What was less strong was the character development, unless we’re talking about Cassel. Since White Cat is told from Cassel’s point of view, he is the most well developed character. The sense of isolation — both from his family for being a non-worker and for Lila’s death, and from the other students at his school, is in his every action. He doesn’t seem close to anyone, and only relies on others when he’s forced to (it goes against what he was taught). He’s a great broody teen guy character and I really enjoyed getting in his head and seeing how his upbringing has messed with him. Unfortunately, that isolation made the supporting characters difficult to know: they got little page space compared to Cassel, and what there was was filtered through Cassel’s walls.

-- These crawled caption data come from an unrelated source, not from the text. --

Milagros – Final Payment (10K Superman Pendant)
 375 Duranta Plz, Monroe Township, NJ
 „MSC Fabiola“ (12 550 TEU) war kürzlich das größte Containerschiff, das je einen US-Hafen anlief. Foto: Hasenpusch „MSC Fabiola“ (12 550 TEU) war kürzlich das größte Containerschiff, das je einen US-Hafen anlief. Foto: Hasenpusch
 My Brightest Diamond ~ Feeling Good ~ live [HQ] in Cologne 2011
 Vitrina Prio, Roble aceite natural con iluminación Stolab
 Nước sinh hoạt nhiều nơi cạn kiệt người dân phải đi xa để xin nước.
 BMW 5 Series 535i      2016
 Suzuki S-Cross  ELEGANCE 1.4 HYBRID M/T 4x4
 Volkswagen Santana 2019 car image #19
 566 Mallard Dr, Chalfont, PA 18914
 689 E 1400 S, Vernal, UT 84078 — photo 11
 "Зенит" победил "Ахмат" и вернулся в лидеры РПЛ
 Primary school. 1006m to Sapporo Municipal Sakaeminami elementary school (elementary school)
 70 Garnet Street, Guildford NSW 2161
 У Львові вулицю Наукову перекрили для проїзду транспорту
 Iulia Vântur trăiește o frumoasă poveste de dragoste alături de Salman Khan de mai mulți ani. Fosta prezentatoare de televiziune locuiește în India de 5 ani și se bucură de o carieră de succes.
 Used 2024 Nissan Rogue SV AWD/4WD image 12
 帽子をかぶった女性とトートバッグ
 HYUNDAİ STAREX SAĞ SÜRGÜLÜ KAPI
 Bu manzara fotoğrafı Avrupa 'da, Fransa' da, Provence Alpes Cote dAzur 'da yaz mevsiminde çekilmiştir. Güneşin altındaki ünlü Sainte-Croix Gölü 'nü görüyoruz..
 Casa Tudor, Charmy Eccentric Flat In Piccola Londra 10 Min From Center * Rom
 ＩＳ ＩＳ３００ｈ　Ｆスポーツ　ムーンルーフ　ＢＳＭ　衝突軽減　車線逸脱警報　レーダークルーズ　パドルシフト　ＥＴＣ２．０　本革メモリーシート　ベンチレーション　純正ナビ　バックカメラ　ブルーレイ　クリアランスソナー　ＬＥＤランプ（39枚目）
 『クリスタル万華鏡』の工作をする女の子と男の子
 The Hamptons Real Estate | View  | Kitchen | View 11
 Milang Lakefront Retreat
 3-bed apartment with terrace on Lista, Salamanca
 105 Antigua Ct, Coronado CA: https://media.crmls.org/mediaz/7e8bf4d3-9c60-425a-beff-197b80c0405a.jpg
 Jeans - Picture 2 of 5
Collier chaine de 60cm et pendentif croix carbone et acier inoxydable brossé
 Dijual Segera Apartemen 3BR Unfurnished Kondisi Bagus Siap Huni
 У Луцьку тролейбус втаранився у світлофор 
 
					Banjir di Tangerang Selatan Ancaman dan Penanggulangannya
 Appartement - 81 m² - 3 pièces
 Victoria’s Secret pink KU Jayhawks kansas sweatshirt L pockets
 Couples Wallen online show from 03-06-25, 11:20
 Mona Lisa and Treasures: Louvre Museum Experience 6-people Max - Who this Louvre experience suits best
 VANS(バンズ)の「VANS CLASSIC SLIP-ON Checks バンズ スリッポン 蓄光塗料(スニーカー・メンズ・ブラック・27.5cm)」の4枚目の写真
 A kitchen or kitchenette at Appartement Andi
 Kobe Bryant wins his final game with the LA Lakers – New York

Cassel is least familiar with his classmates but they are probably the most likable characters. His brothers are distant and untrustworthy, his sister-in-law disconnected, and his mother a manipulative nightmare. His grandfather seems to be the only one in the family with a proper concern for Cassel, but he’s left out of the loop. Even Cassel’s romantic relationships are dysfunctional ones and it’s not clear if Cassel understands either girl he thinks he loves.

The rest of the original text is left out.